First, do you even remember why you are at the accident? It seems that today rescuers, in general, have become overly focused on strong metals, electric vehicles, and air bags; the patient and patient care seem to have become afterthoughts. Don’t believe me? Think about the vehicle rescue incidents you have responded to in the past year. Now, add up how many times you have heard at any scene the question, “How’s the patient?” or “What’s the patient assessment?” Was that question-and the answer-verbalized so everyone working at the vehicle heard it?
Also, are you assessing the patient as well as you are assessing the vehicle? When was the last time that you actually knew the patient’s condition and status before you cut or spread a part of the vehicle? Every rescuer on scene needs to know about the patient. Rescuers and rescue services seem to have a big problem remembering that they are actually there to rescue a patient, not the car. I agree that some of this (forgetting the patient) can be attributed to the problems presented to us by the vehicles. However, rescuers must not forget the reason they are working on the vehicle in the first place.
The second part of my explanation deals with what you cannot assess in your patient. Modern medical technology is great, but street rescuers still do not have the benefit of portable x-ray machines, CAT scanners, or any other number of advanced assessment and treatment tools. You are left with a minimal amount of tools to assess and make critical lifesaving decisions, and the most important tools for this job are not tangible ones; they are our senses and our experiences. Remember to look at your patient, listen to your patient, and be hands-on in your assessment of the patient. Next, take this information, couple it with your experience, and consider what may be wrong with your patient and provide the most appropriate patient treatment, packaging, and ongoing care. Unfortunately, not having access to a definitive diagnosis while on the street presents an enormous challenge to rescuers.
So, if the patient is the biggest overall challenge in vehicle extrication, how do you overcome that challenge? There is no easy or quick answer to this question. There are no emergency response guides for the patient, and there is no computer software that will pinpoint problems with the patient. You are left with the ultimate challenge of vehicle extrication: keeping the patient as the PRIMARY focus of all on-scene rescue activities. This begins with a good patient assessment, performing quick and efficient disentanglement and extrication techniques, and providing for timely transport to an appropriate healthcare facility.

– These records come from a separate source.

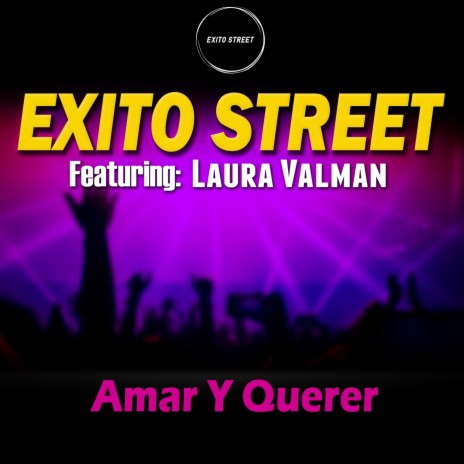 Amar Y Querer ft. Laura Valman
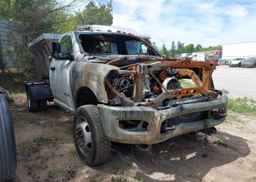 2020 RAM 5500 CHASSIS TRADESMAN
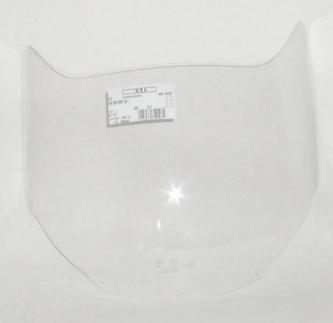 Bulle forme d'origine - noir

Learning the best places to cut a car, knowing where and how to depower a vehicle, and keeping your patient out of air bag deployment zones are all a part of overcoming the “patient challenge.” The most important thing to remember is why you cut and depower a vehicle or learn about air bag locations-all of these things benefit the patient. Keeping the patient at the forefront will lead you to being a better overall rescuer.
ERIC J. RICKENBACH is a 30-year fire service veteran and a firefighter and emergency medical technician with the Keystone Fire Company in Rehrersburg, Pennsylvania. He has been an instructor for vehicle rescue for the Pennsylvania Department of Health since 1997 and for the Pennsylvania Fire Academy since 2000. Rickenbach is also an instructor with the Penn State University PAgricultural Rescue Training Program.